• _Goal of the exercise_: Every line below should be given again without alteration.

***

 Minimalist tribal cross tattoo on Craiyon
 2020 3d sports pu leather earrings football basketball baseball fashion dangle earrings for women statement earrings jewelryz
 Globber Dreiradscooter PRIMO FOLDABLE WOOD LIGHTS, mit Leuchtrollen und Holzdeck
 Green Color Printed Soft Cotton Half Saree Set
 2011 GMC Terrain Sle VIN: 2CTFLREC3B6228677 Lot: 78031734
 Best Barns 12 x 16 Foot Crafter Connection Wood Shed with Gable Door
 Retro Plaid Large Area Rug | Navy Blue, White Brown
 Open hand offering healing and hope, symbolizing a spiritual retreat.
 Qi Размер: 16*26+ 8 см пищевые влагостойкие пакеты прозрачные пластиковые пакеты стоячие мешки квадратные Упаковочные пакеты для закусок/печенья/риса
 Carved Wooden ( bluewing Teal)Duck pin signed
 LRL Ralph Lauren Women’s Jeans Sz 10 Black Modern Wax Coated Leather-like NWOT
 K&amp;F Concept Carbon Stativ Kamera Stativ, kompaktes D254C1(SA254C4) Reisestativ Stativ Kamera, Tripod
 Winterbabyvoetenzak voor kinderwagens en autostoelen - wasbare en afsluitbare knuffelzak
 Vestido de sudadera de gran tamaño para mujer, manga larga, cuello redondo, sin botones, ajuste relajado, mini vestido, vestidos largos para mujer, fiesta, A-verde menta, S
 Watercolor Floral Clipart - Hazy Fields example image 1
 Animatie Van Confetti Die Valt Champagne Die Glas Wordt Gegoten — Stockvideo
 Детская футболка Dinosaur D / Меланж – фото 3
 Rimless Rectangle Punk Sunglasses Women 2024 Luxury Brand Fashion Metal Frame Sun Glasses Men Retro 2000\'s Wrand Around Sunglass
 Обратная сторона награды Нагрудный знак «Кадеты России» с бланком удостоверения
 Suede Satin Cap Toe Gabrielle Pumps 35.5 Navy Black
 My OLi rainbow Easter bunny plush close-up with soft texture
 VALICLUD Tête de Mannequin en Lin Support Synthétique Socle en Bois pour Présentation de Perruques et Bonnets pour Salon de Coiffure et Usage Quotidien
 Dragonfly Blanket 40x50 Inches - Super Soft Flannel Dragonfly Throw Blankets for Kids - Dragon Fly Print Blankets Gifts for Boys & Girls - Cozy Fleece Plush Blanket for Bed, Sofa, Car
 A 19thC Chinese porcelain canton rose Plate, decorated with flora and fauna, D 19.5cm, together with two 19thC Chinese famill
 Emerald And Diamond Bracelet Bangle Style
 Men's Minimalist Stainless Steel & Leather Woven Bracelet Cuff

***

• _Exercise output_:
 Minimalist tribal cross tattoo on Craiyon
 2020 3d sports pu leather earrings football basketball baseball fashion dangle earrings for women statement earrings jewelryz
 Globber Dreiradscooter PRIMO FOLDABLE WOOD LIGHTS, mit Leuchtrollen und Holzdeck
 Green Color Printed Soft Cotton Half Saree Set
 2011 GMC Terrain Sle VIN: 2CTFLREC3B6228677 Lot: 78031734
 Best Barns 12 x 16 Foot Crafter Connection Wood Shed with Gable Door
 Retro Plaid Large Area Rug | Navy Blue, White Brown
 Open hand offering healing and hope, symbolizing a spiritual retreat.
 Qi Размер: 16*26+ 8 см пищевые влагостойкие пакеты прозрачные пластиковые пакеты стоячие мешки квадратные Упаковочные пакеты для закусок/печенья/риса
 Carved Wooden ( bluewing Teal)Duck pin signed
 LRL Ralph Lauren Women’s Jeans Sz 10 Black Modern Wax Coated Leather-like NWOT
 K&amp;F Concept Carbon Stativ Kamera Stativ, kompaktes D254C1(SA254C4) Reisestativ Stativ Kamera, Tripod
 Winterbabyvoetenzak voor kinderwagens en autostoelen - wasbare en afsluitbare knuffelzak
 Vestido de sudadera de gran tamaño para mujer, manga larga, cuello redondo, sin botones, ajuste relajado, mini vestido, vestidos largos para mujer, fiesta, A-verde menta, S
 Watercolor Floral Clipart - Hazy Fields example image 1
 Animatie Van Confetti Die Valt Champagne Die Glas Wordt Gegoten — Stockvideo
 Детская футболка Dinosaur D / Меланж – фото 3
 Rimless Rectangle Punk Sunglasses Women 2024 Luxury Brand Fashion Metal Frame Sun Glasses Men Retro 2000\'s Wrand Around Sunglass
 Обратная сторона награды Нагрудный знак «Кадеты России» с бланком удостоверения
 Suede Satin Cap Toe Gabrielle Pumps 35.5 Navy Black
 My OLi rainbow Easter bunny plush close-up with soft texture
 VALICLUD Tête de Mannequin en Lin Support Synthétique Socle en Bois pour Présentation de Perruques et Bonnets pour Salon de Coiffure et Usage Quotidien
 Dragonfly Blanket 40x50 Inches - Super Soft Flannel Dragonfly Throw Blankets for Kids - Dragon Fly Print Blankets Gifts for Boys & Girls - Cozy Fleece Plush Blanket for Bed, Sofa, Car
 A 19thC Chinese porcelain canton rose Plate, decorated with flora and fauna, D 19.5cm, together with two 19thC Chinese famill
 Emerald And Diamond Bracelet Bangle Style
 Men's Minimalist Stainless Steel & Leather Woven Bracelet Cuff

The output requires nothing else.